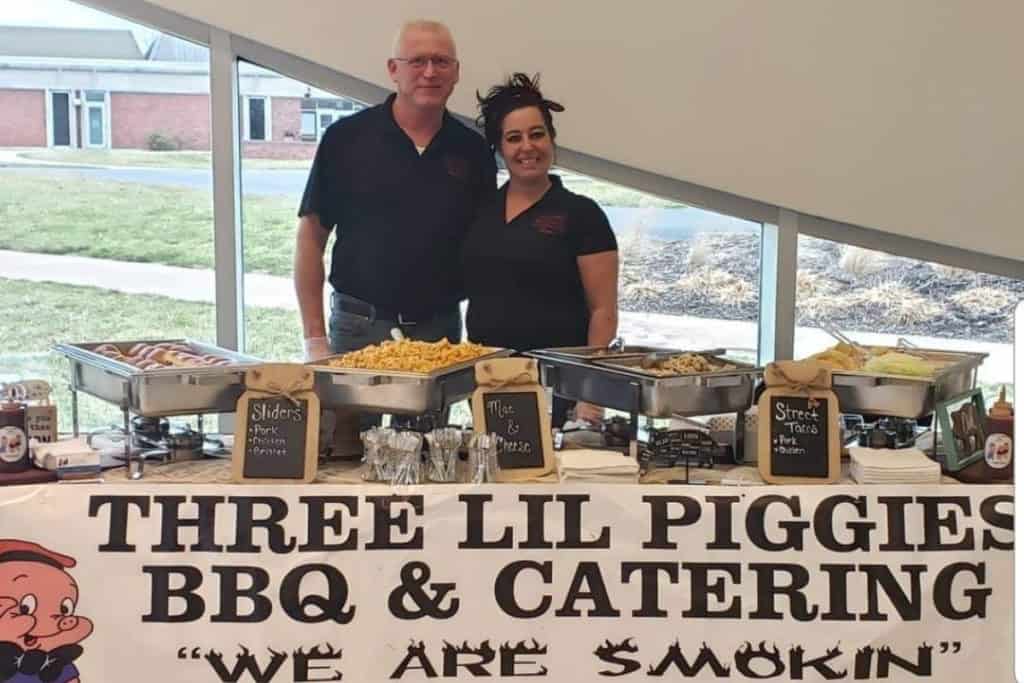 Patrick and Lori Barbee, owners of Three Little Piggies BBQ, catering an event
□ □ □ □ □
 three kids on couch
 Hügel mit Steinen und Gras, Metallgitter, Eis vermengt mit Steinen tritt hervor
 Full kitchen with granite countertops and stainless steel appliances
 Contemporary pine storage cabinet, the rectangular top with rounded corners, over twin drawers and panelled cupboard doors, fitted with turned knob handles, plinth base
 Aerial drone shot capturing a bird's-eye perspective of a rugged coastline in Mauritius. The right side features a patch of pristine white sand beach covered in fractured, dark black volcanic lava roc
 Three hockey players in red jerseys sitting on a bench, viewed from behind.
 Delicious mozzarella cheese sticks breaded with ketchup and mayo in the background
□ □ □ □ □
→ **Task instructions**: Among the entries above, locate the lines containing "Contemporary pine storage" and "Delicious mozzarella cheese", and transcribe exactly those two lines and all lines between.

→ **Expected answer**:
 Contemporary pine storage cabinet, the rectangular top with rounded corners, over twin drawers and panelled cupboard doors, fitted with turned knob handles, plinth base
 Aerial drone shot capturing a bird's-eye perspective of a rugged coastline in Mauritius. The right side features a patch of pristine white sand beach covered in fractured, dark black volcanic lava roc
 Three hockey players in red jerseys sitting on a bench, viewed from behind.
 Delicious mozzarella cheese sticks breaded with ketchup and mayo in the background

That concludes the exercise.